We study the Sparse Plus Low-Rank decomposition problem (SLR), which is the problem of decomposing a corrupted data matrix into a sparse matrix of perturbations plus a low-rank matrix containing the ground truth. SLR is a fundamental problem in Operations Research and Machine Learning which arises in various applications, including data compression, latent semantic indexing, collaborative filtering, and medical imaging. We introduce a novel formulation for SLR that directly models its underlying discreteness. For this formulation, we develop an alternating minimization heuristic that computes high-quality solutions and a novel semidefinite relaxation that provides meaningful bounds for the solutions returned by our heuristic. We also develop a custom branch-and-bound algorithm that leverages our heuristic and convex relaxations to solve small instances of SLR to certifiable (near) optimality. Given an input $n$-by-$n$ matrix, our heuristic scales to solve instances where $n=10000$ in minutes, our relaxation scales to instances where $n=200$ in hours, and our branch-and-bound algorithm scales to instances where $n=25$ in minutes. Our numerical results demonstrate that our approach outperforms existing state-of-the-art approaches in terms of rank, sparsity, and mean-square error while maintaining a comparable runtime.

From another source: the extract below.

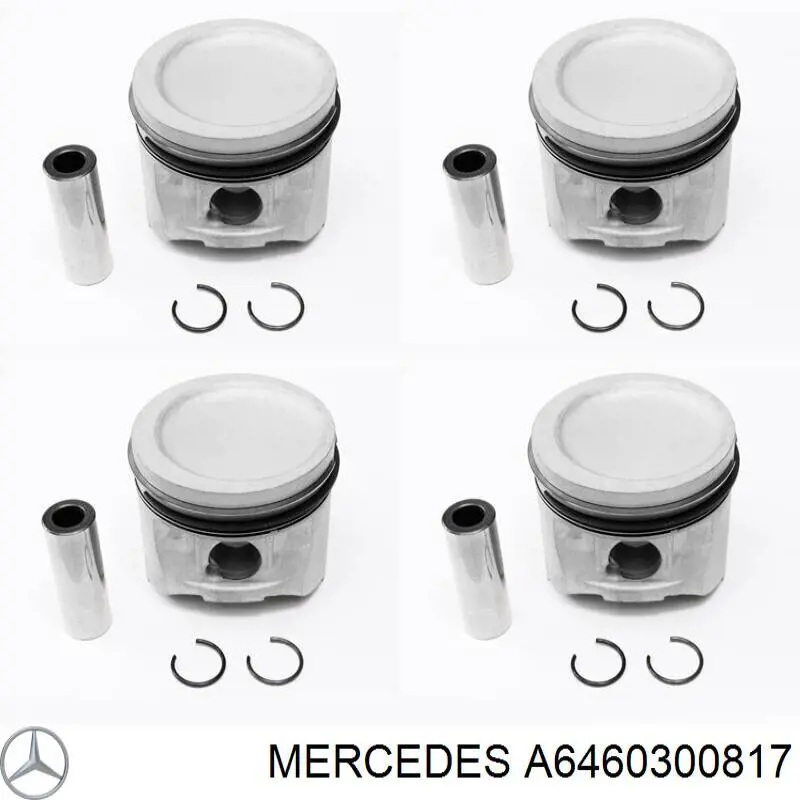 Do koszyka A6460300817 Mercedes Tłok, komplet do jednego cylindru, STD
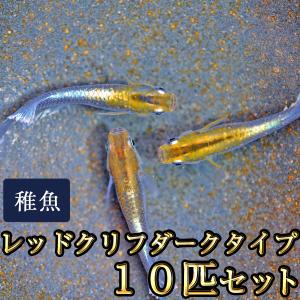 メダカ / 送料無料　レッドクリフめだか ダークタイプ 未選別 稚魚 SS-Sサイズ 10匹セット　（※沖縄は別途送料必要）　限定大特価｜medakastory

翻译：我们研究了稀疏加低秩分解问题（SLR），该问题旨在将受污染的数据矩阵分解为一个稀疏的扰动矩阵与一个包含真实信息的低秩矩阵之和。SLR是运筹学与机器学习中的基础问题，广泛应用于数据压缩、潜在语义索引、协同过滤和医学成像等领域。我们提出了一种新型SLR建模方法，直接刻画了其潜在的离散性。针对该模型，我们开发了交替最小化启发式算法以计算高质量解，并引入了一种新型半定松弛方法，为启发式算法返回的解提供有意义的界限。此外，我们设计了定制的分支定界算法，结合启发式与凸松弛方法，可在可验证的（近似）最优性下求解小规模SLR实例。给定一个$n \times n$矩阵，我们的启发式算法可在数分钟内求解$n=10000$的实例，松弛方法可在数小时内求解$n=200$的实例，分支定界算法可在数分钟内求解$n=25$的实例。数值结果表明，与现有最先进方法相比，我们的方法在秩、稀疏性和均方误差指标上表现更优，同时保持了可比的运行时间。